Thanks for the Info!


----------



## TRWOV (Feb 16, 2014)

Just a correction, Strider launched yesterday so it's no longer a pre-order 


*I’m a TPU cruncher, and I will be crunching on 60 cores/68 threads during this February Challenge*

I'll enter for
-Rage
-Assassin's Creed

and the Grand Prize






Arjai said:


> I am crunching for who? LOL. On my Asus Ultrabook with 2 cores/ 2 threads. I might also have another couple cpu's running before the end....
> 
> Not in for Grand prize. Or anything, for that matter. It appears none of the games in the list will work with my HD4000. That's fine, I am happy to be able to contribute to the prize pool!!



Contrast requires an HD2600 as minimum


----------



## djthrottleboi (Feb 16, 2014)

TRWOV said:


> Just a correction, Strider launched yesterday so it's no longer a pre-order
> 
> 
> *I’m a TPU cruncher, and I will be crunching on 60 cores/68 threads during this February Challenge*
> ...


like my desktop?



Spoiler


----------



## mx500torid (Feb 16, 2014)

Im in. 98 lb weakling here. 16 cores 20 threads. Oh yes I do Fold!!!. Would like to opt in for both Humble Bundles, Alpha Prime, The Fillet game, UFO and Batman


----------



## TRWOV (Feb 16, 2014)

djthrottleboi said:


> like my desktop?
> 
> 
> 
> ...




Nice. You're using dual monitors, I presume?

Mine:


----------



## djthrottleboi (Feb 16, 2014)

TRWOV said:


> Nice. You're using dual monitors, I presume?
> 
> Mine:


yeah it dual monitors and lol i like that one it made me think of castlevania had flashbacks come on up to 8.1 pro


----------



## TRWOV (Feb 16, 2014)

Will do on my next re-install after the challenge


----------



## djthrottleboi (Feb 16, 2014)

TRWOV said:


> Will do on my next re-install after the challenge


sweet i was on 8 pro but i got tired of being prompted to upgrade and i just installed my ssd so i went to 8.1 before i got to downloading 300GB of stuff


----------



## Doc41 (Feb 16, 2014)

Ahhh the only game i'm excited about is Thief, i just hope they didn't ruin the story line\ gameplay mechanics from the previous ones...

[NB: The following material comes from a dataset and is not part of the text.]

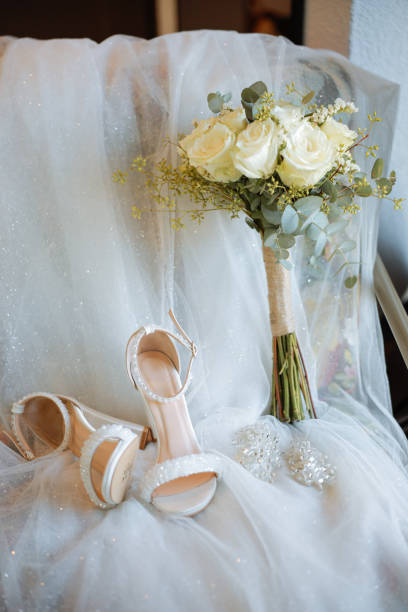 istock Bridal flower and bridal shoes 2158785578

oh and ”I’m a TPU cruncher, and I will be crunching on 8 cores/8 threads during this February Challenge.”

got my brother to crunch with me during the challenge so i have a couple of i5 750's running


----------



## Bow (Feb 16, 2014)

1. Burnout
2. UFO
3. *Carrier Command*


----------



## TRWOV (Feb 16, 2014)

changed my entries. Had forgot that I already had Amnesia (damn bundles, giving me lots of games to keep track of )


----------



## manofthem (Feb 16, 2014)

TRWOV said:


> changed my entries.



Nothing wrong with editing your entries in you posts. That is actually why we opted out of a poll; once you select something in a poll, it's there and non change-able.  This way, there's no issue with that all. Just be sure to finalize choices by Tuesday


----------



## AlienIsGOD (Feb 16, 2014)

added the lappy @ 25% so thats another 4 cores/8 threads


----------



## ThE_MaD_ShOt (Feb 16, 2014)

djthrottleboi said:


> sweet i was on 8 pro but i got tired of being prompted to upgrade and i just installed my ssd so i went to 8.1 before i got to downloading 300GB of stuff


That is why I am waiting before going to win8. I am going to install a ssd in the 8350 rig and install it there. I have 2 spare 1tb drives for my game installs and such.


----------



## brandonwh64 (Feb 16, 2014)

Not in this giveaway but good luck to all and thank you for all that had donated!


----------



## TheGrapist (Feb 16, 2014)

I’m a TPU cruncher, and I will be crunching on 4 cores/4 threads during this February Challenge.
1.Sid Meier's bundle
2.The Walking dead
3.FTL


----------



## manofthem (Feb 17, 2014)

Just to clarify:

Unless other wise mentioned, all games are Steam based, whether gifts or keys. Origin games are marked, uPlay games are too.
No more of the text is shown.